Web page caption snippets:

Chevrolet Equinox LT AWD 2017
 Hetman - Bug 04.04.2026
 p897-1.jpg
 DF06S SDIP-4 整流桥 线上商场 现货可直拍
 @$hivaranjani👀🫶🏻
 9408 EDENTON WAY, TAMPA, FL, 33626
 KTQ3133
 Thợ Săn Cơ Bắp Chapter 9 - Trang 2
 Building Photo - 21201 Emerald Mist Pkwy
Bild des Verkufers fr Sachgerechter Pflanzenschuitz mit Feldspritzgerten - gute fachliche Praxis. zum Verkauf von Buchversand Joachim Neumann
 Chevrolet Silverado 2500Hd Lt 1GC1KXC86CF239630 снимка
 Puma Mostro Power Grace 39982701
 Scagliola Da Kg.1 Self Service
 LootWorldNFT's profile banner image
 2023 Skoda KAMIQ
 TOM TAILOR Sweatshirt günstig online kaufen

Exercise: Write out exactly the lines from the one containing "Hetman - Bug 04.04.2026" through the end of the data, both included. Add nothing else.

Answer to this exercise:
 Hetman - Bug 04.04.2026
 p897-1.jpg
 DF06S SDIP-4 整流桥 线上商场 现货可直拍
 @$hivaranjani👀🫶🏻
 9408 EDENTON WAY, TAMPA, FL, 33626
 KTQ3133
 Thợ Săn Cơ Bắp Chapter 9 - Trang 2
 Building Photo - 21201 Emerald Mist Pkwy
Bild des Verkufers fr Sachgerechter Pflanzenschuitz mit Feldspritzgerten - gute fachliche Praxis. zum Verkauf von Buchversand Joachim Neumann
 Chevrolet Silverado 2500Hd Lt 1GC1KXC86CF239630 снимка
 Puma Mostro Power Grace 39982701
 Scagliola Da Kg.1 Self Service
 LootWorldNFT's profile banner image
 2023 Skoda KAMIQ
 TOM TAILOR Sweatshirt günstig online kaufen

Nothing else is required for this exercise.